Soy consciente de que erigir en símbolos a Lamine y a Nico en el debate sobre la inmigración es susceptible de discusión desde una perspectiva progresista. En ese sentido, me parece interesante la opinión de Aldo Conway en este diario de que lo que debe hacer la izquierda es, lisa y llanamente, romper el marco narrativo de la extrema derecha rehusando convertir la inmigración en tema de debate político. Comparto también que celebrar en exceso la pertenencia a nuestro país de dos ahora exitosos hijos de inmigrantes puede desviar el foco de discusiones fundamentales como el propio concepto que tenemos de la inmigración (a veces, sin darnos cuenta, nos vemos defendiéndola con los argumentos del capitalismo: por su rentabilidad, por su su contribución a las pensiones, al PIB, a los trofeos deportivos) o los desgarros que la inmigración produce tanto en quienes se ven obligados a abandonar su tierra como en los países usualmente empobrecidos que dejan a sus espaldas.

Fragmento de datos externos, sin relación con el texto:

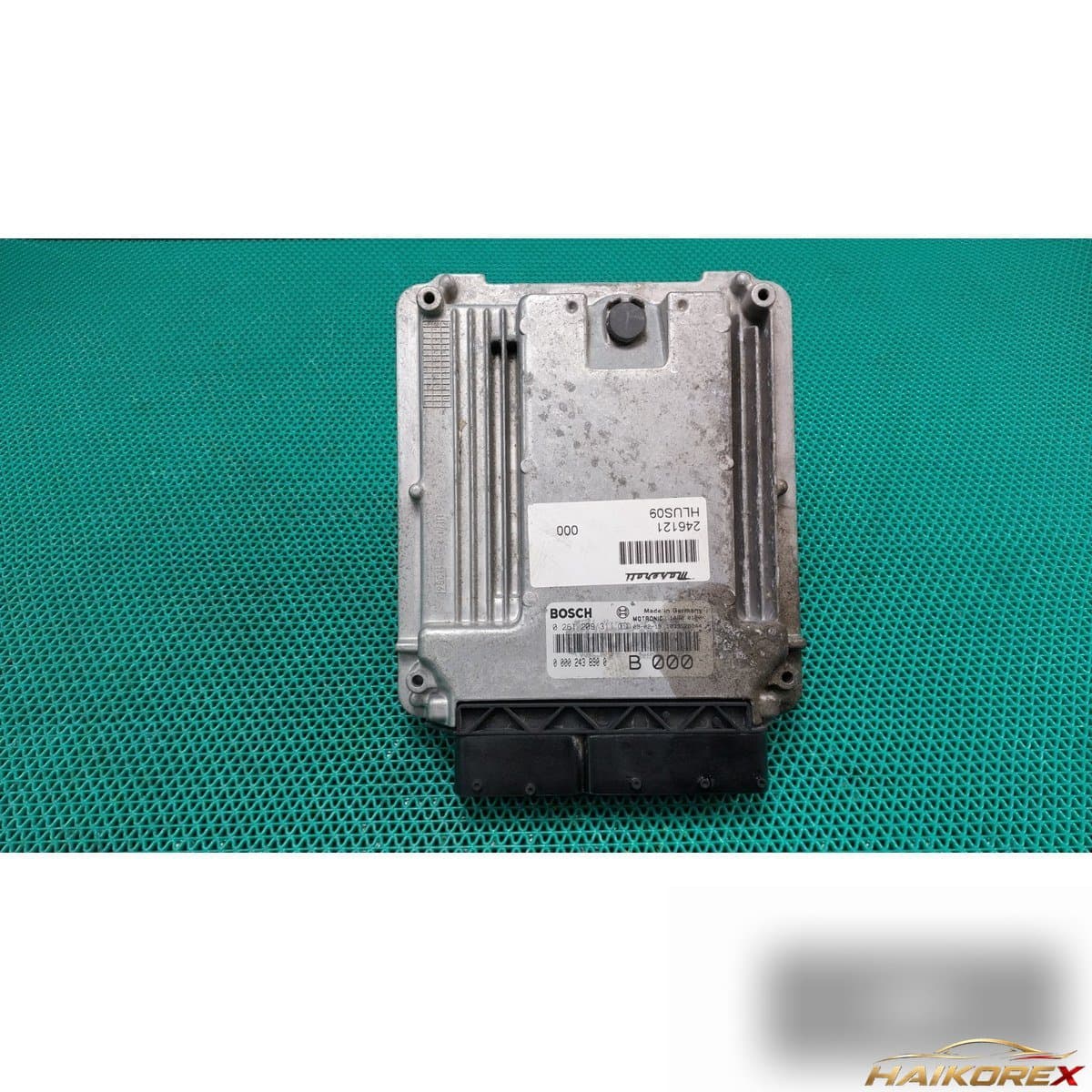 Maserati Granturismo 2009 — компьютер двигателя ECU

Sin embargo, del mismo modo que el objetivo inmediato de frenar a la extrema derecha en Francia postergó momentáneamente algunos debates trascendentales dentro del bloque republicano democrático y en el propio seno de la izquierda, creo que la utilización simbólica de Lamine y Nico para confrontar al discurso neofascista ha sido un soplo de aire frente a los propagadores de la ira y no tiene por qué impedir que se ahonde en el debate de fondo sobre la inmigración.

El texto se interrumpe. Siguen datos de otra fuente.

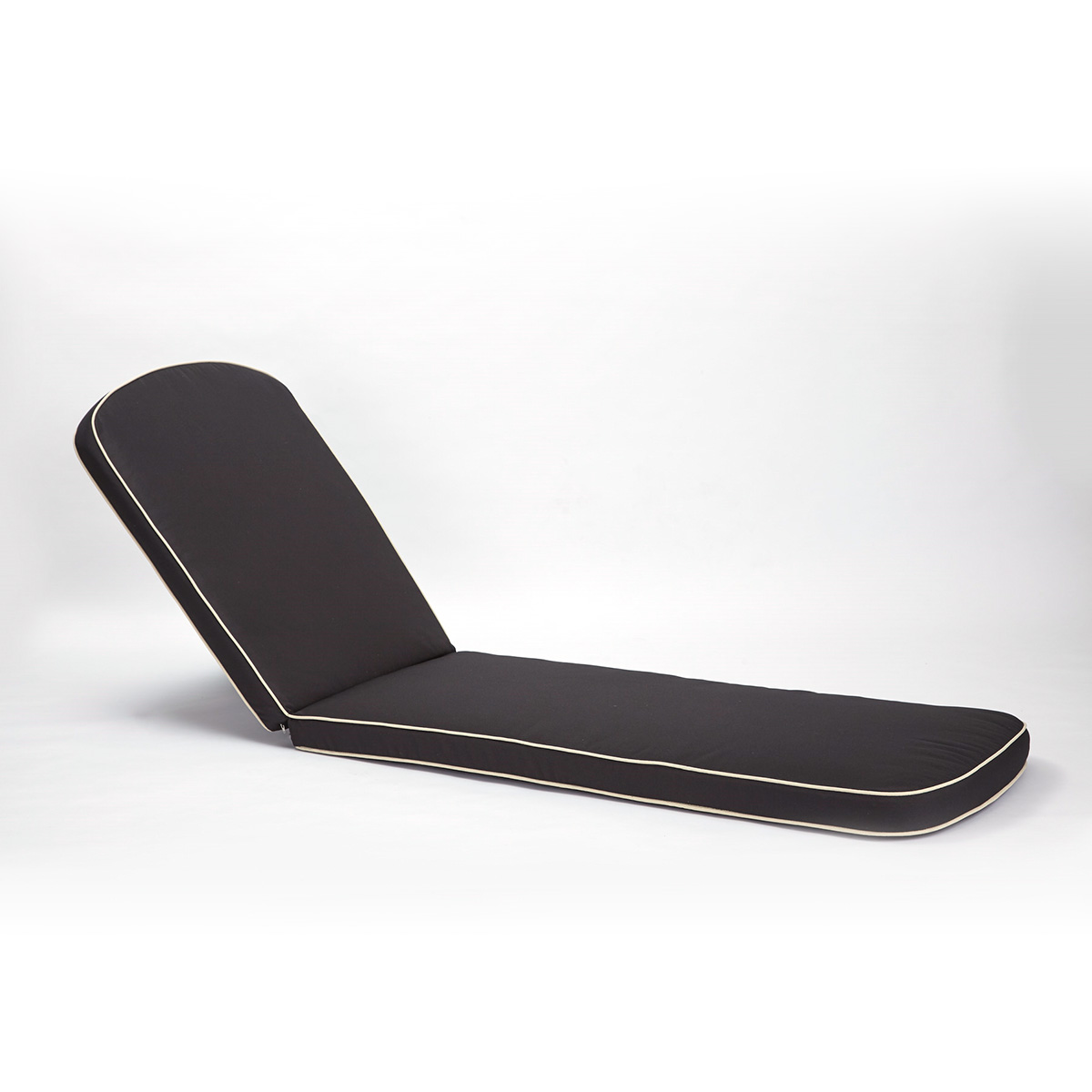 Black sun best sale lounger cushions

Nota. Yo también soy inmigrante. Llegué de Colombia hace casi cuatro décadas y desde 1990 poseo la doble nacionalidad. Este domingo era para mí un día especial: no solo porque España ha ganado la final de la Eurocopa, sino también porque Colombia ha jugado (ante Argentina) la final de la Copa América. Un amigo, quizá intentando entender las complejidades emocionales de las migraciones, me preguntó: “¿Y por quién irías si les tocara enfrentarse a España y Colombia?”. Estuve tentado a responderle con una reflexión acerca de la perversidad de las pruebas de lealtad a que han sido sometidos algunos pueblos a lo largo de la historia, pero preferí no agobiarlo con la perorata. Le resumí con honestidad: “Celebraría todos los goles y me gustaría que ganara el que mejor haya jugado”. Vio en mi respuesta una salida por la tangente. Qué le vamos a hacer.